Hopes for the realization of a two-state solution continue to be replaced by the rising fears of future annexation. The possibility of establishing a viable and contiguous Palestinian state continues to be eroded by facts on the ground.
The United Nations has repeatedly warned that the conflict cannot be managed in perpetuity. The status quo will only lead to further deterioration of the situation, radicalization on all sides, more suffering and conflict.
Before addressing recent developments on the ground, I would like to congratulate Palestinian Prime Minister Shtayyeh on the formation of a new Palestinian government. I wish him every success and urge all Palestinian factions and political leaders to work together, in good faith, to unify Gaza and the West Bank under a single, legitimate Palestinian government.
I also want to congratulate the Israeli people for their democratic general election on 9 April. On 17 April President Rivlin asked Prime Minister Netanyahu to form a new government. We stand ready to continue working with the new government when it is formed.
The prolonged absence of a political solution to the conflict has coincided with the steady deterioration of the situation in the Occupied Palestinian Territory.
During the reporting period, Israeli authorities advanced at least 2,100 housing units in Area C settlements and issued tenders for some 950 additional units. One of the plans advanced would retroactively regularize, under Israeli law, the illegal outpost of Haresha by incorporating it into the existing Talmon settlement.
Settlements have no legal effect and constitute a violation of international law.
Demolitions and seizures of Palestinian-owned structures also continued across the West Bank, including East Jerusalem. Israeli authorities demolished or seized 37 structures, displacing 49 people, on the grounds of lacking Israeli-issued building permits, which are nearly impossible for Palestinians to obtain.
In addition, on 31 March, the Israeli District Court rejected three appeals challenging demolition orders submitted by Palestinian residents of the Silwan neighborhood of East Jerusalem.
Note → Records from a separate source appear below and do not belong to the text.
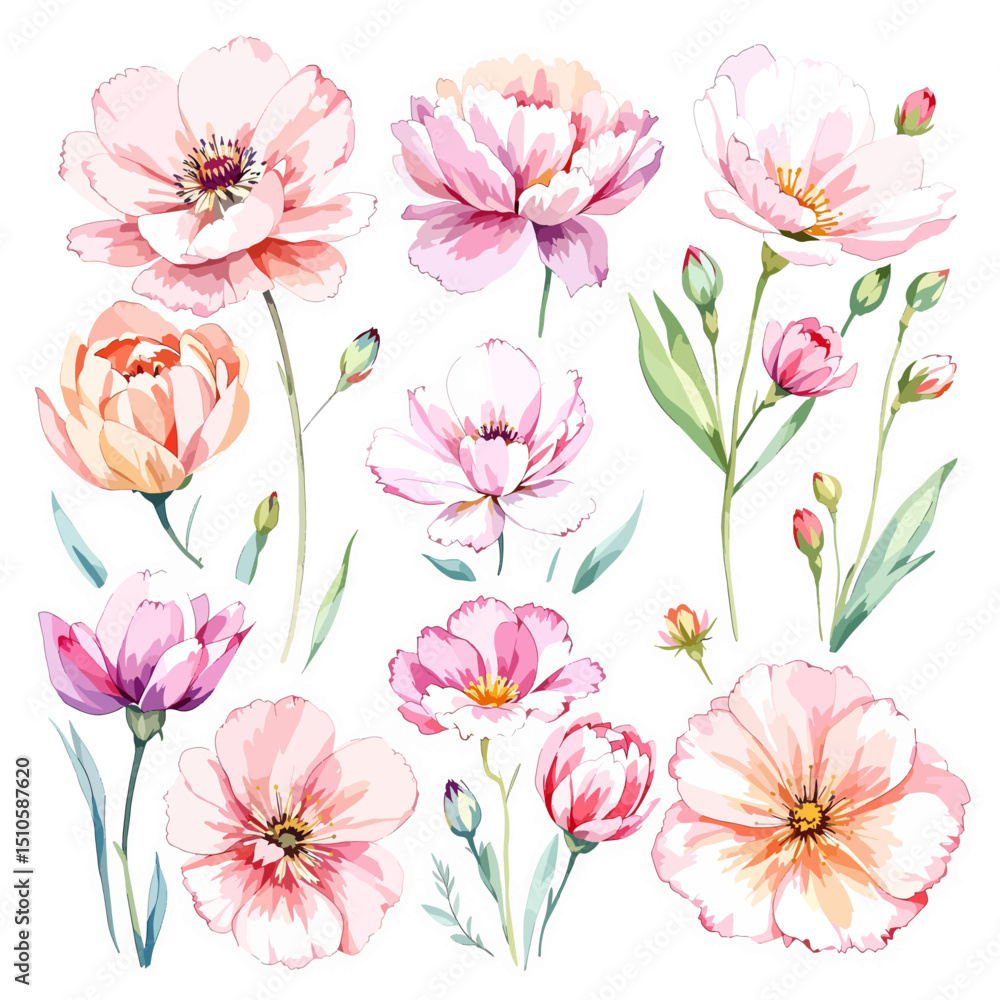 Obraz premium A Charming Garden Where Every Blossom Tells Its Own Story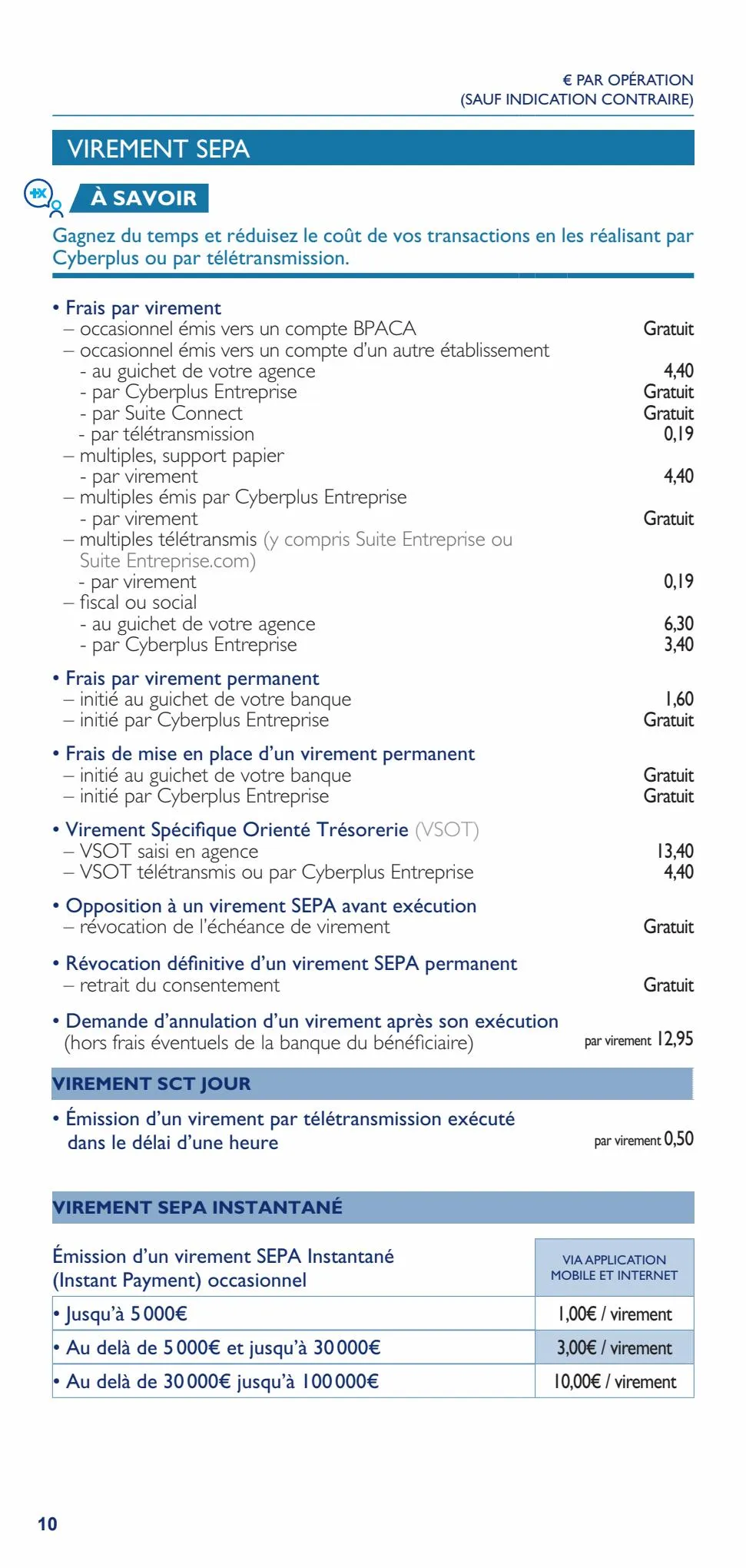 Catalogue Bpalc tarifs professionnels d'entreprises, page 00010
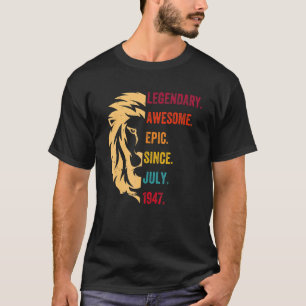 T-shirt 75 ans de légende depuis juillet 1947 75e annivers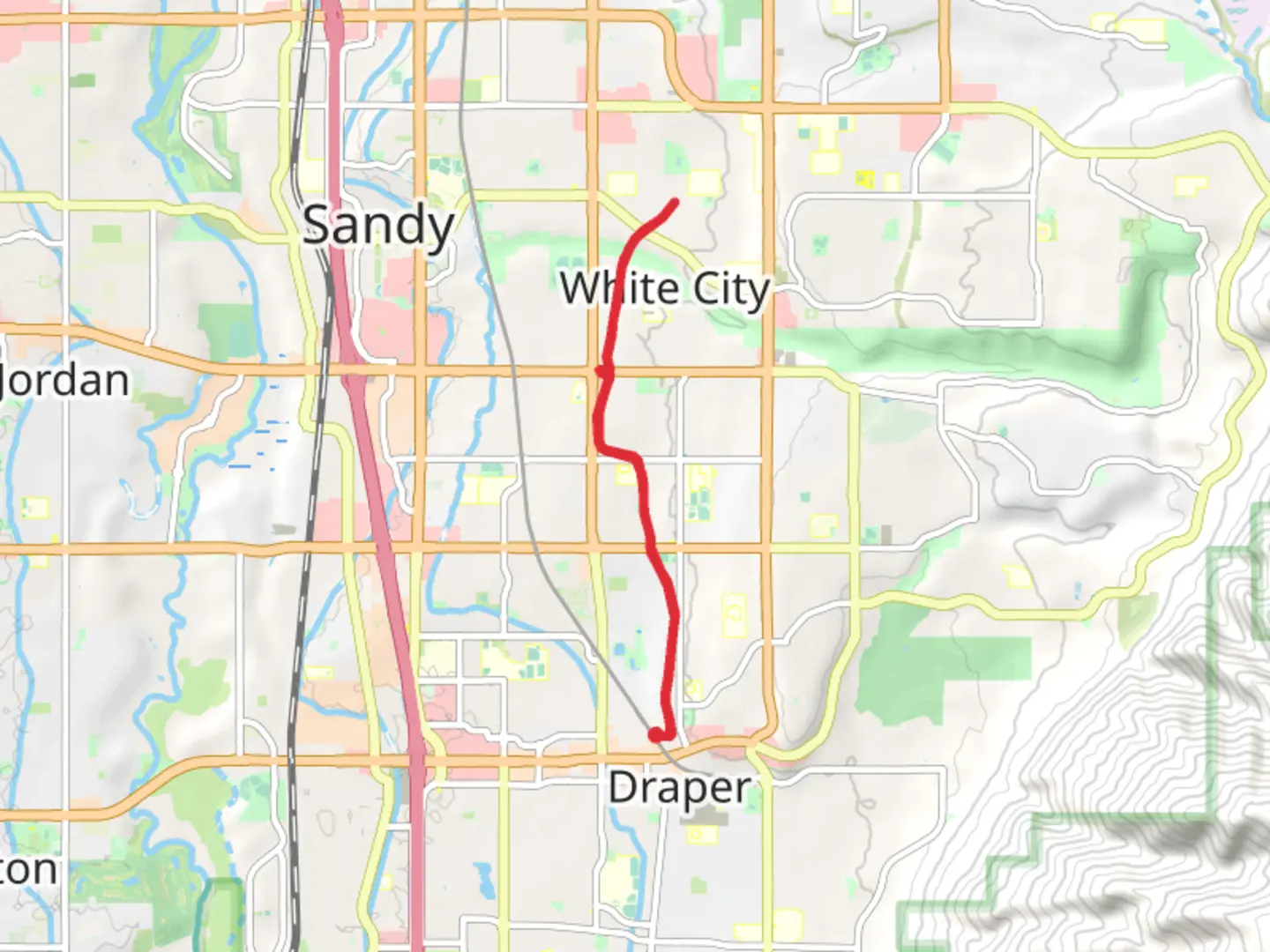 An image depicting the trail White City Canal Trail and its surrounding area.
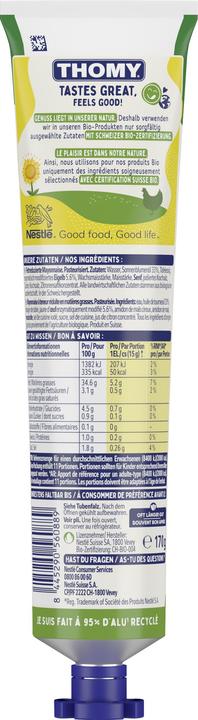 Actual product image THOMY Bio Mayonnaise (170 g)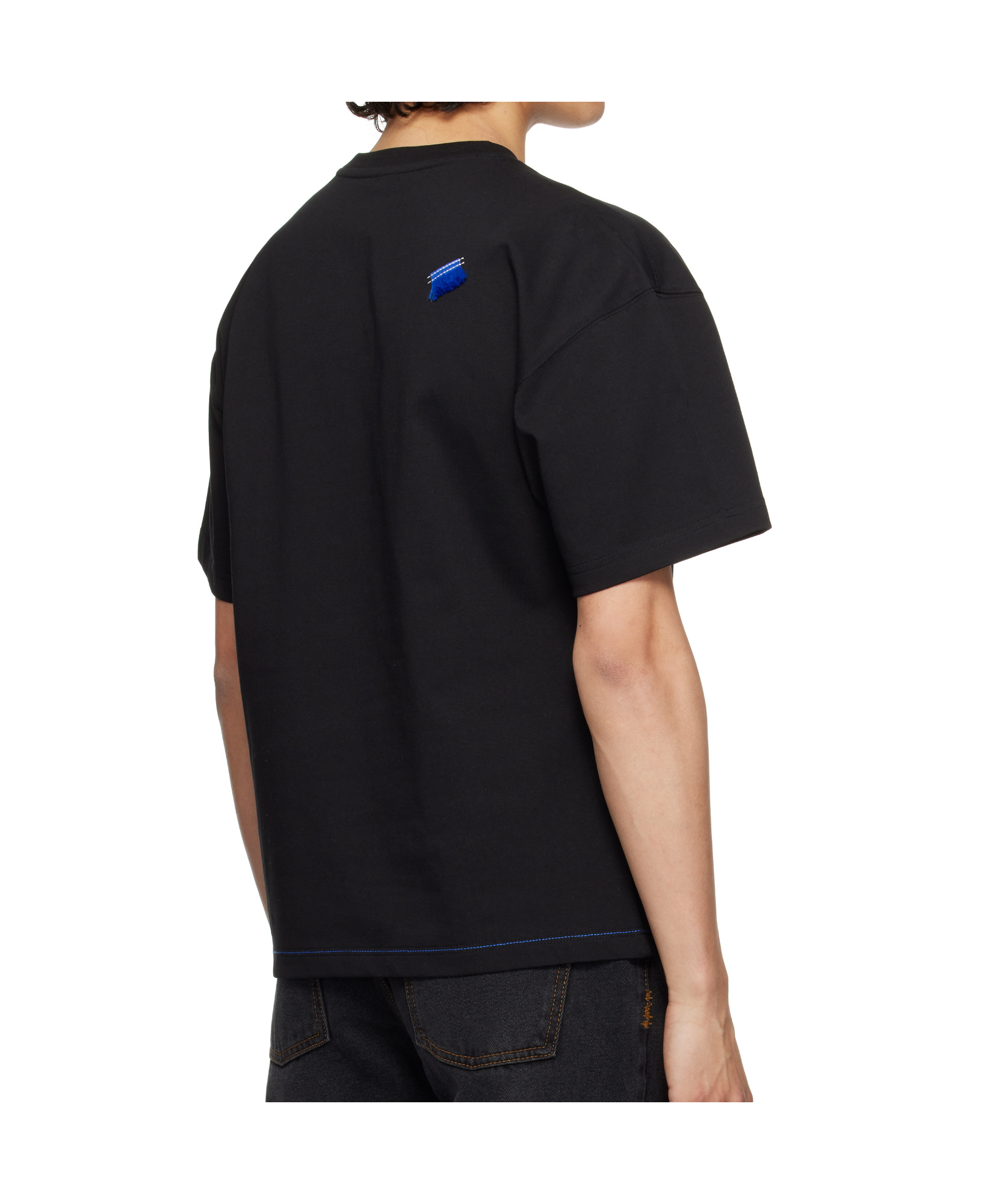 Ader Error Black Blue Net Product. 49 T-shirt In Black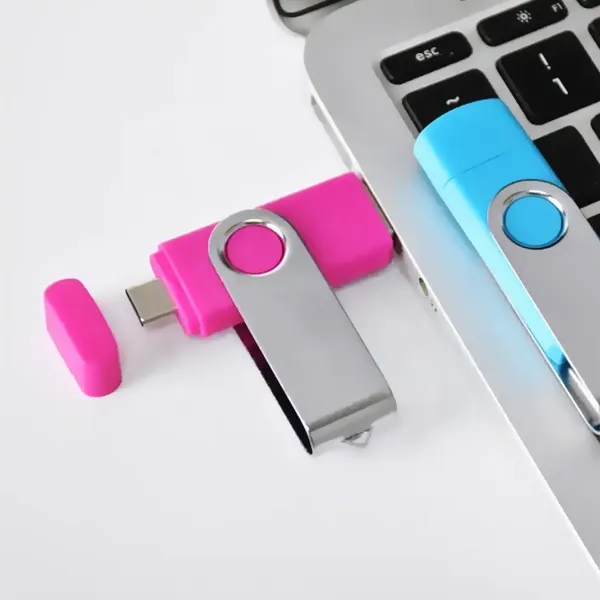USB3.0 Interface+Type C 8GB-128GB Rotating Flash Drive - USB3.0 Interface+Type C 8GB-128GB Rotating Flash Drive - Image 5 of 5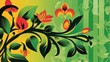 © 7sevenGr - カラフルな植物の装飾的な枝と葉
The situation at Jerusalem’s Holy Sites has remained relatively calm in the past month. I would like to take the opportunity of the overlapping holidays of Judaism, Christianity and Islam to wish peace and prosperity for the peoples of Palestine and Israel, but also to urge sustained calm, particularly in the Holy Sites, which can only be achieved by respecting the status quo and relevant agreements.
Regrettably, the cycle of violence continues.
On 30 March, Palestinians in Gaza marked the first anniversary of the “Great March of Return” protests, which was commemorated by 50,000 Palestinians demonstrating at the perimeter fence. While the vast majority of protesters remained peaceful, a small number ignored the calls for restraint and engaged in acts of violence against Israel and attempted to breach the fence.
During the reporting period, 7 Palestinians, including 4 children, were killed by Israel Defense Forces (IDF) and 1,316 were injured.
I reiterate the previous calls by the UN that children should never be the target of violence nor should they be put at risk of violence or encouraged to participate in violence. I also reiterate the call on Israel that lethal force should only be used in response to an imminent threat of death or serious injury and as a last resort.
During the reporting period, Palestinian militants fired 30 rockets and mortars from Gaza towards Israel. The indiscriminate launching of rockets and mortars towards Israeli civilian populations is prohibited by international humanitarian law and must immediately cease. Several incendiary balloons were also launched from Gaza into Southern Israel. These must stop. Hamas must also ensure that protests remain peaceful and prevent provocations near the fence, including attempts to breach it.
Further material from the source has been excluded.